Architecture description of a measurement
In this section, we look at two examples of measurement architecture.

The following figure shows this simple measurement setup. Essentially, our simple measurement setup consists of the following units:
- Controller PC (Dell Latitude notebook)
- SUT (Odroid H3+)
- Router (Asus RT-AX53U)
- Power meter (Odroid SmartPower 3)
The architecture diagram also depicts all the necessary connections between the units and the power supply units (PSU), both for the notebook and the power meter. When using battery power, the PSU for the notebook is optional, assuming there is enough battery life for performing the measurement.
This hardware architecture enables us to measure the power consumption of both, the SUT and the Router, since our power meter has two independent output channels with adjustable voltage output. The SUT is powered with 17,8 Volts whereas the Router requires exactly 12 Volts.
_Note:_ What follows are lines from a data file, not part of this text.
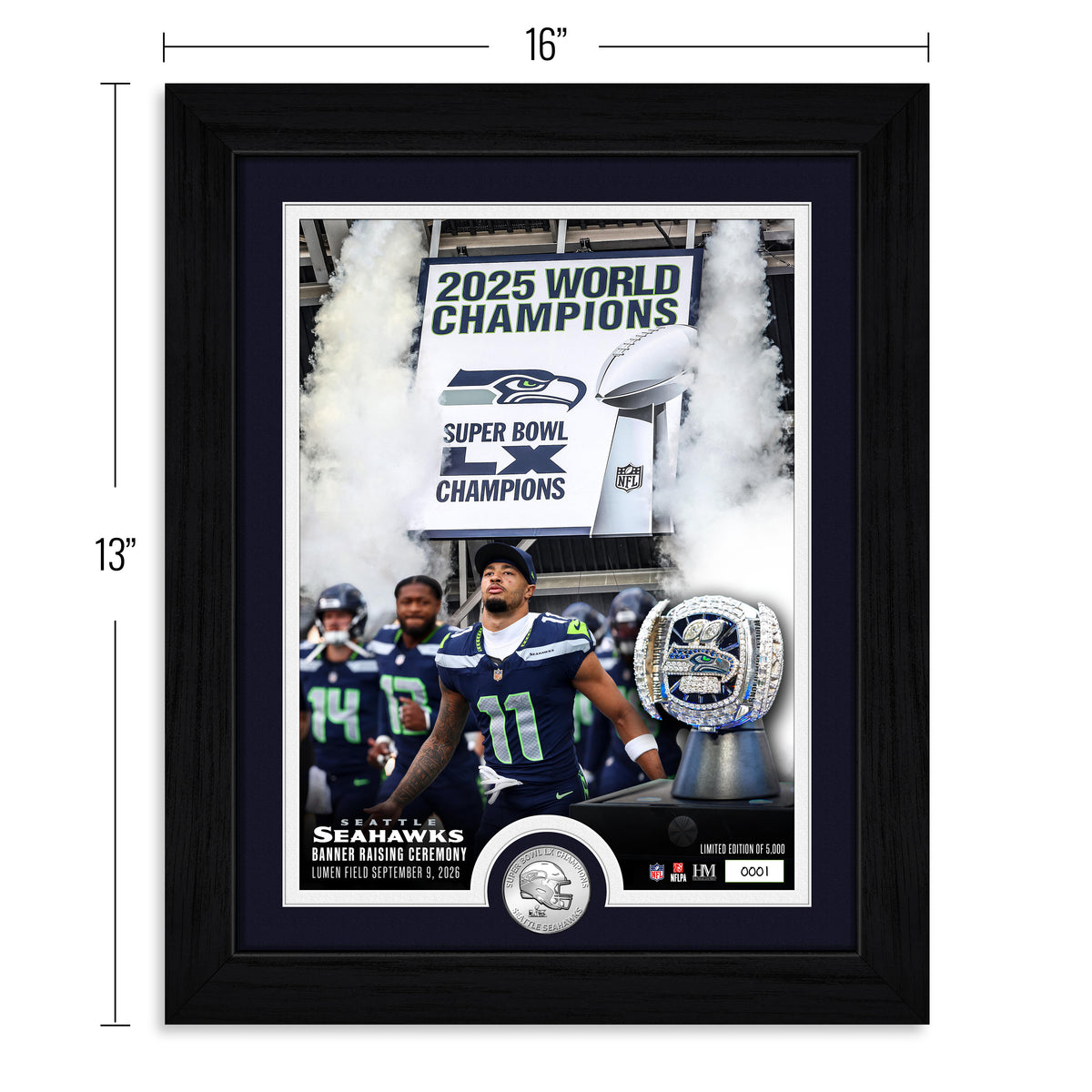 Seattle Seahawks Super Bowl LX Banner Raising Silver Coin Photo Mint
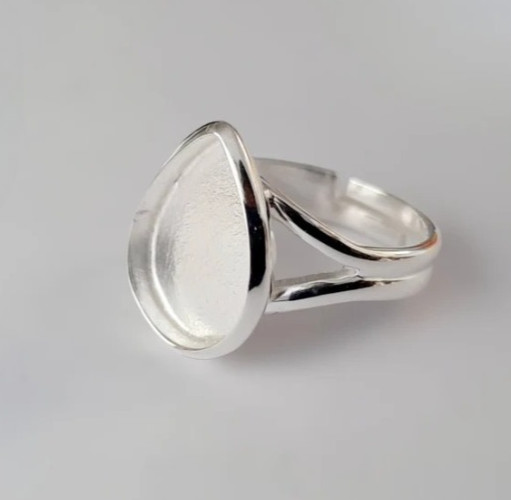 925 Sterling Silver Adjustable 7x9mm Pear Bezel Ring Split Shank Handmade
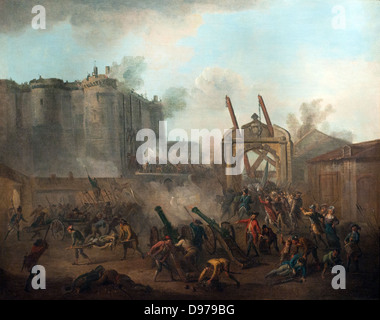 Jean-Baptiste Lallemand La prise de la Bastille, le 14 juillet 1789 Museo Carnavalet - Parigi Foto Stock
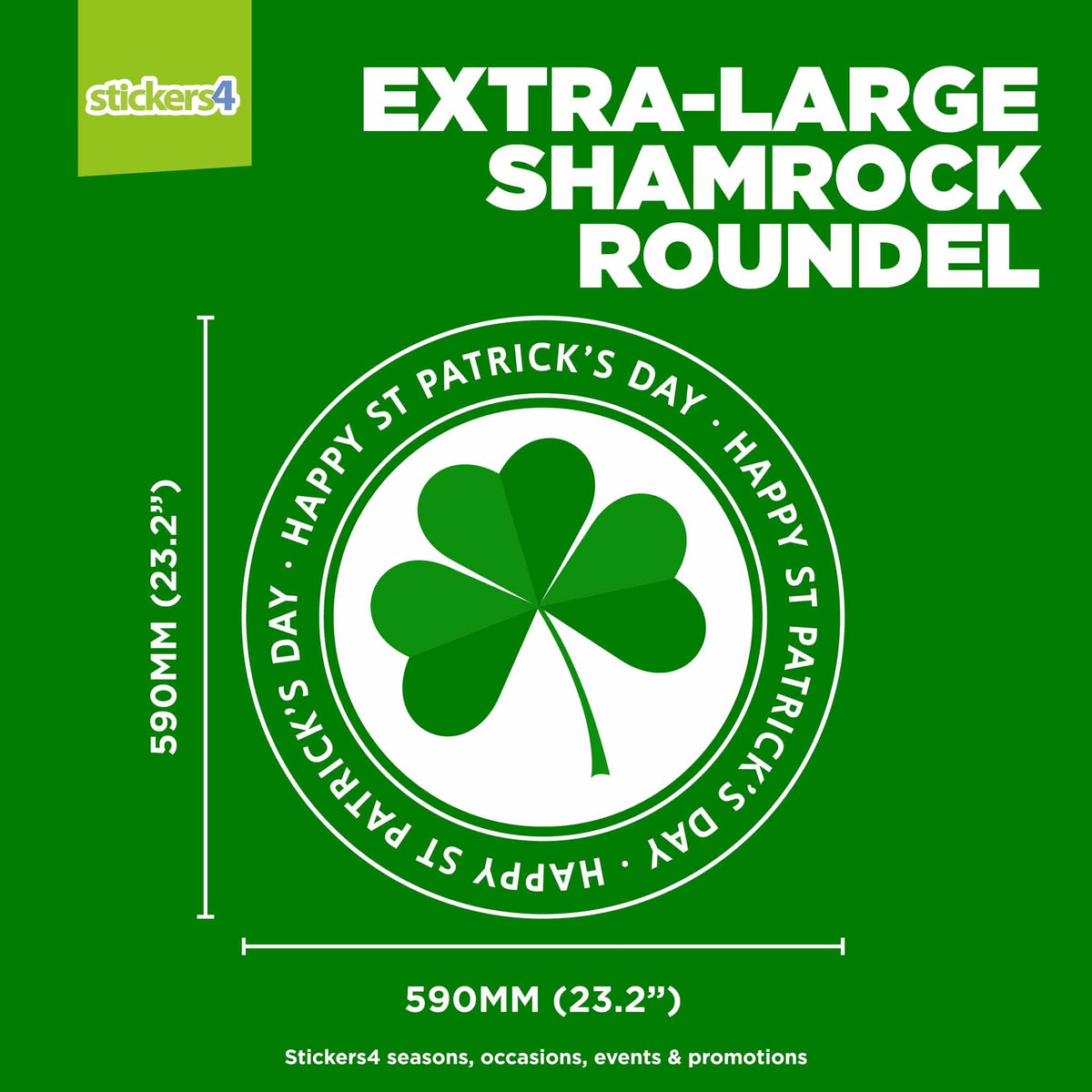 St. Patrick&#39;s Day Shamrock Roundel Window Sticker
The controller PC runs a PowerGoblin instance to coordinate the measurement and to collect the measurement data. The readings from the power meter are collected directly via USB. The meter functions as a serial device and sends the data in CSV format, which is further processed by PowerGoblin. In addition, different software based resource data can be collected from the SUT with collectd (*). This data is stored in a RAM disk on the SUT during the measurement, and uploaded to PowerGoblin after the measurement. Alternatively, the collectd data can be stored on disk or piped via a socket connection. We think that both of these approaches introduce more resource overhead.
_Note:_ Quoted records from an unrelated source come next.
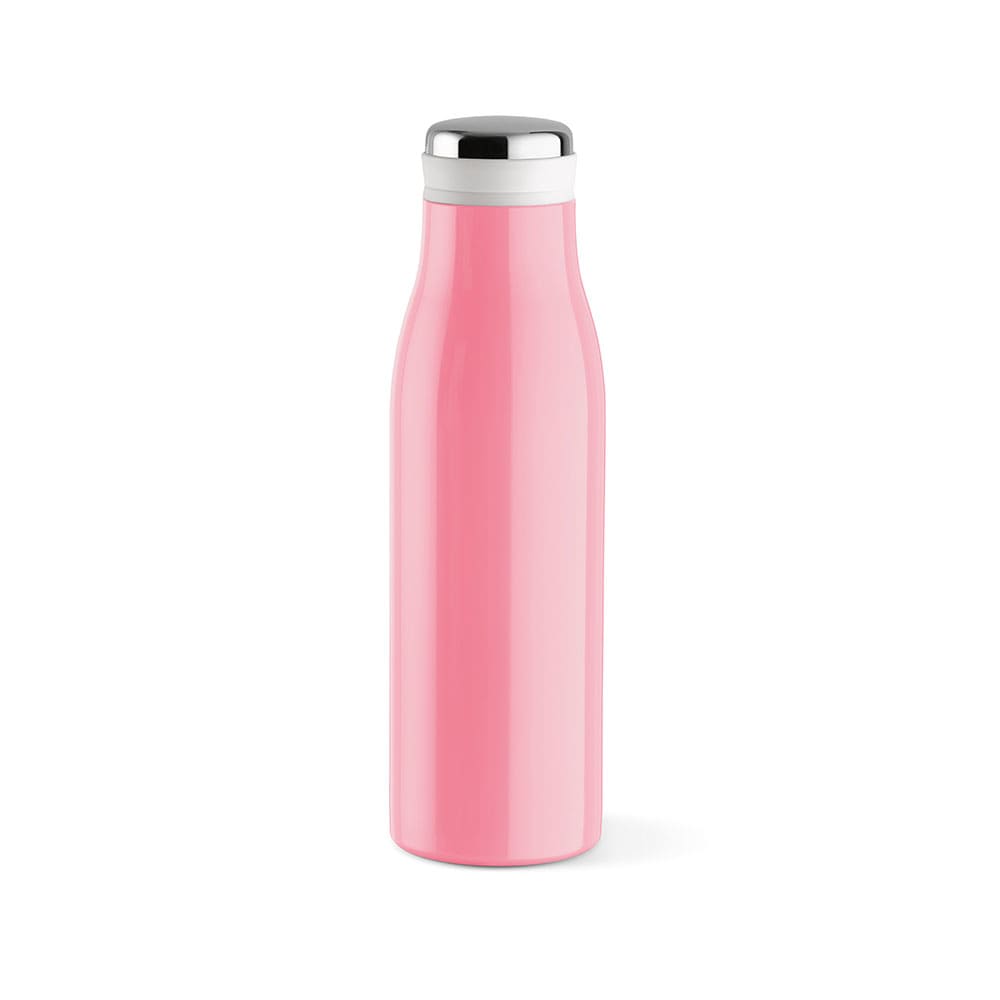 A drink bottle in a vibrant pink colour, featuring a double wall, leakproof design, and a handle.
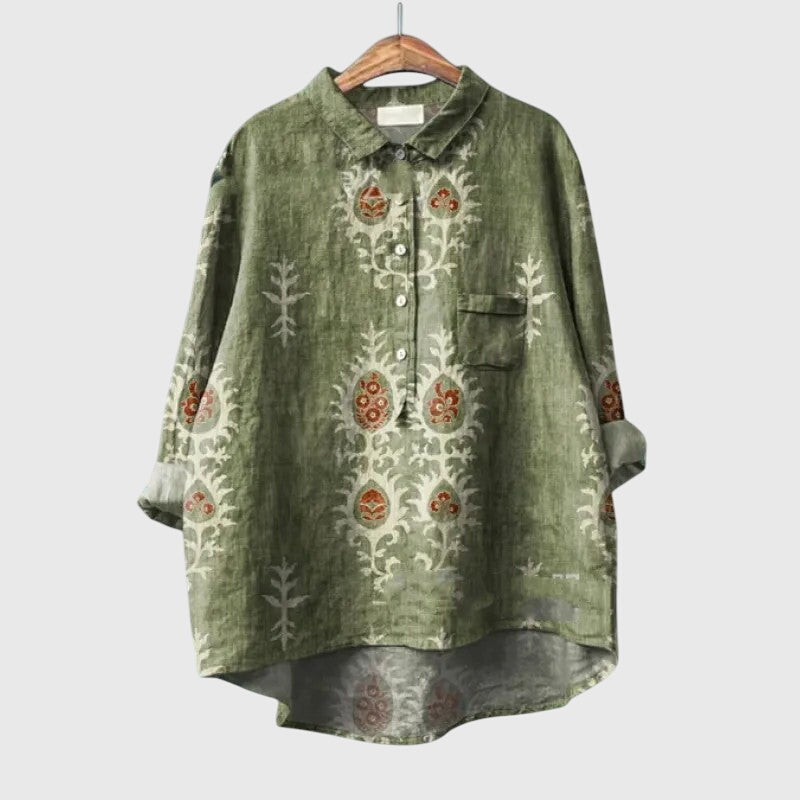 Elly | Floral Watercolor Long Sleeve Oversized Button Down Casual Blouse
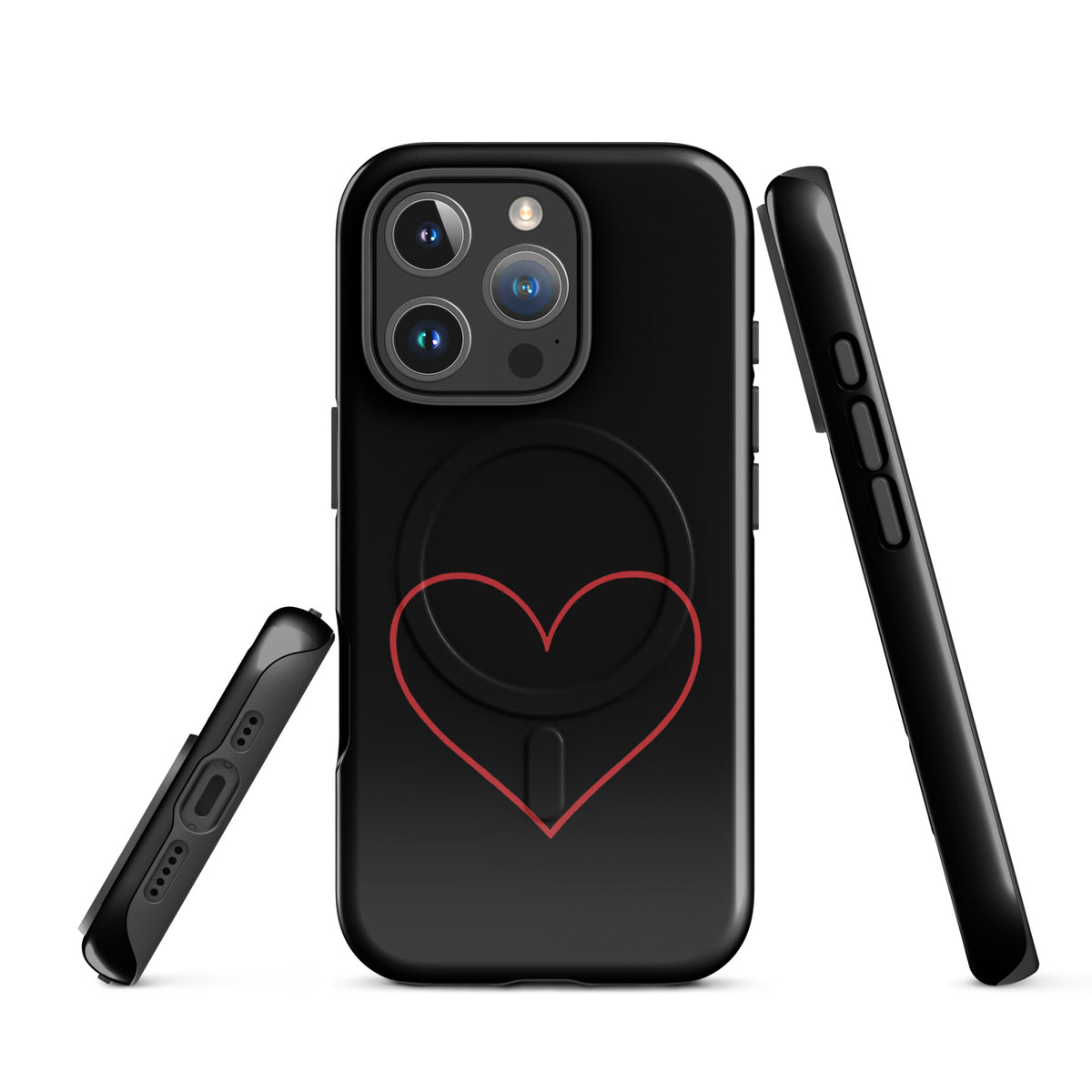 Magnetic Phone Case for iPhone with minimalist crimson heart design, showcasing a sleek and sophisticated style with bold aesthetics.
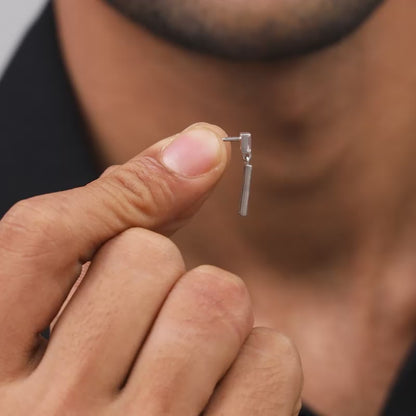 Silver Linear Drift Earring For Him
(*) in theory, similar data could be collected from the router as well, but many routers do not have resources and/or software support for collectd or similar data aggregators).
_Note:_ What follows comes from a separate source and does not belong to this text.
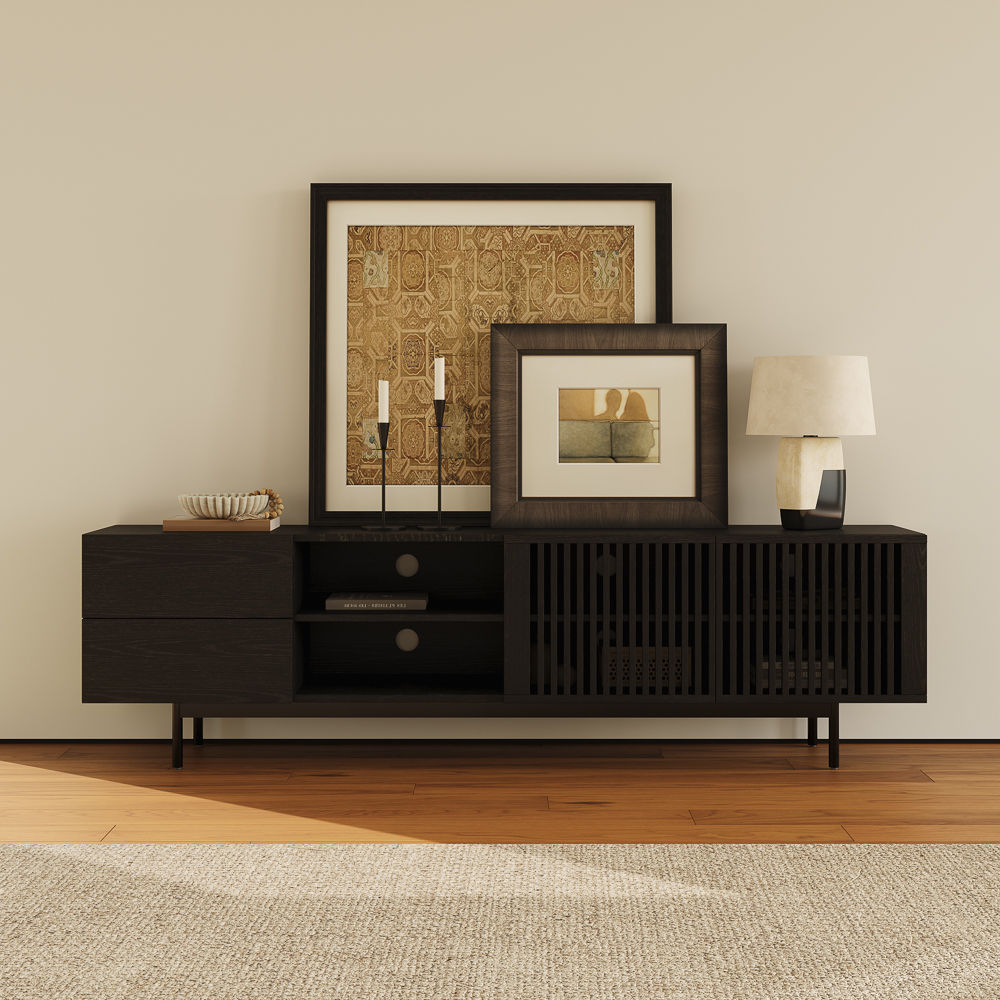 Living Room Black Plywood TV Stands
The following figure shows a more complex measurement setup than this step:

In this more complex measurement setup, the configuration now has more units than the earlier setup for different purposes. This setup is actually based on the configuration in the measurement laboratory at the University of Turku.
The PC and monitor serve the same purpose of running the PowerGoblin software. In addition, there are two meters for measuring power. The first measures the system under test (SUT), namely the Odroid single board computer. The second meter is measuring the power consumption of the network router and switch. Since there are three devices to be measured, a single meter with a single or dual channel output would not be sufficient. In addition, the Odroid system is powered with 17,8 Volts whereas the network devices require exactly 12 Volts.
In this setup, the meters are also connected to the PC via a USB hub. This is because in our lab setup there are more connected meters than free USB ports in the host PC. A similar rationale is behind the addition of the switch -- the router we use only has five ports and there are more network connected devices in the laboratory. The router also provides a firewall and access to internet and connects the SUT and the PC running PowerGoblin for easier coordination of the measurements.
The usage section of the manual contains various examples of architecture descriptions as part of different examples of measurement configurations.